DeepTumour is a tool that can predict the tumor type of origin based on the pattern of somatic mutations. We used a second version of this tool, that can predict 29 tumor types instead of 24, to validate that our simulations were correctly assigned to their training tumor type. We also trained a new model using a mix of real and synthetic donors, improving the overall accuracy of the model. Both the original and the new model are available on HuggingFace and Zotero. To use them:
docker run --rm -u $(id -u):$(id -g) \
-v $(pwd):/home \
-v /PATH_TO_DEEPTUMOUR_MODEL/:/DeepTumour/trained_models \
-v /PATH_TO_HG19_DIR/:/reference
-it oicr/oncogan:deeptumour --help
# or
singularity exec -H ${pwd}:/home \
-B /PATH_TO_DEEPTUMOUR_MODEL/:/DeepTumour/trained_models \
-B /PATH_TO_HG19_DIR/:/reference
/PATH_TO/oncogan_deeptumour.sif DeepTumour.py --help
# Predict cancer type from a VCF file using DeepTumour
# Options:
# --vcfFile PATH VCF file to analyze [Use --vcfFile or --vcfDir]

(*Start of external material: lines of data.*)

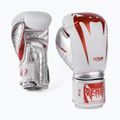 Venum Giant 3.0 red/silver boxing gloves 2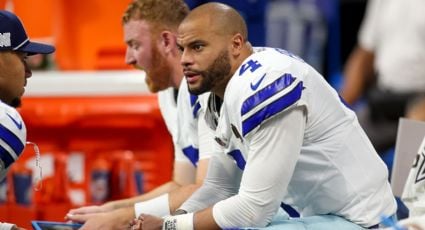 Cowboys, mal y de malas: Dak Prescott apunta a ser operado y se perdería el resto de la temporada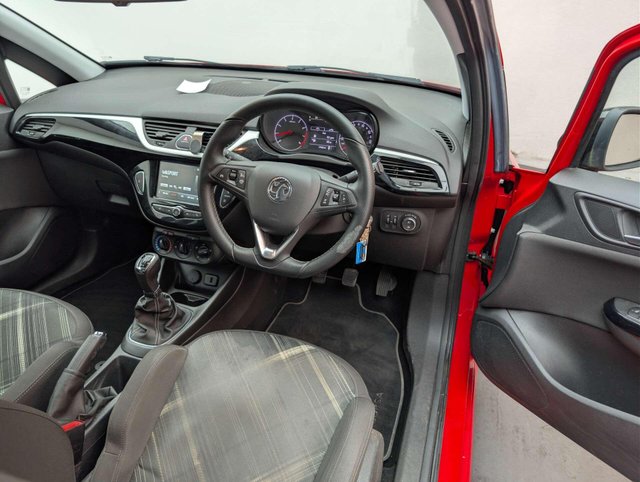 USED 2019 69 VAUXHALL CORSA 1.4 Corsa SRi VX-Line Nav Black 3dr CLICK+COLLECT / HOME DELIVERY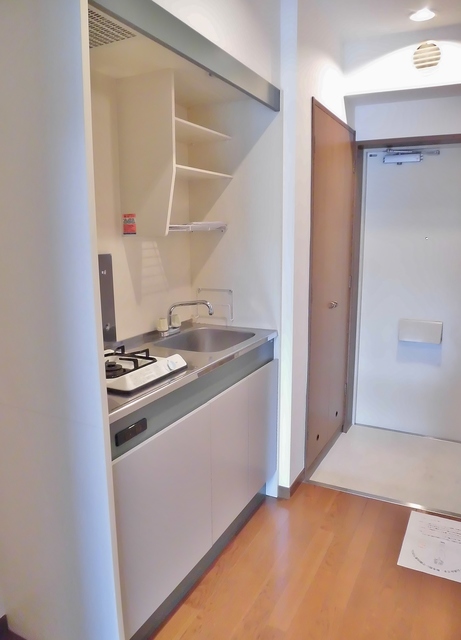コートフローラ0207号室 キッチン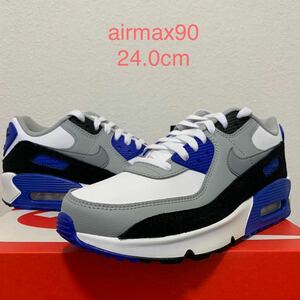 NIKE エアマックス 90 未使用 ナイキ AIR MAX 90 GS サイズ OGカラー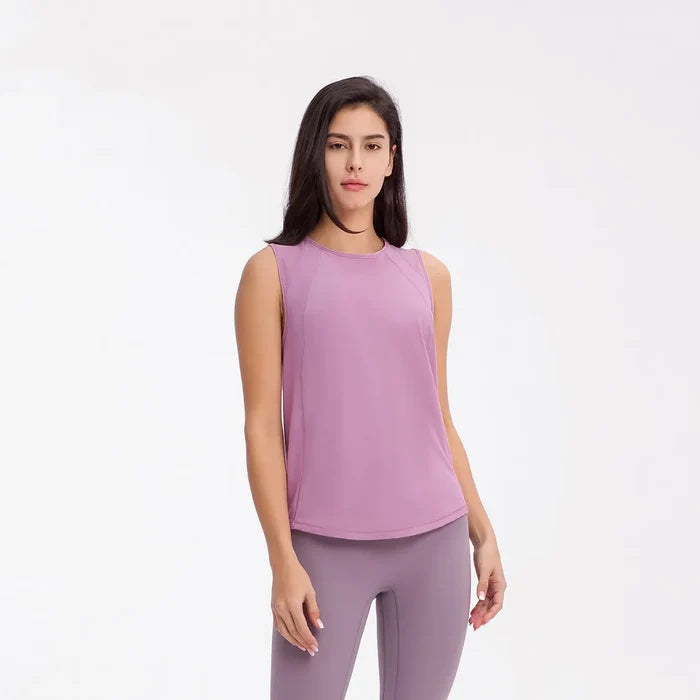 SPARK Breathable Running Vest with Mesh Back DQ051
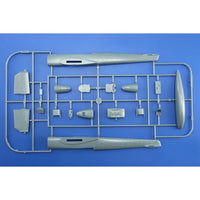 Eduard 1/48 Bf 110F Nachtjager Plastic Model Kit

# --vcfDir DIRECTORY Directory with VCF files to analyze [Use --vcfFile or --vcfDir]
# --reference PATH hg19 reference genome in fasta format [required]
# --hg38 Use this tag if your VCF is in hg38 coordinates
# --keep_input Use this tag to also save DeepTumour input as a csv file
# --outDir DIRECTORY Directory where save DeepTumour results. Default is the current directory
# --help Show this message and exit.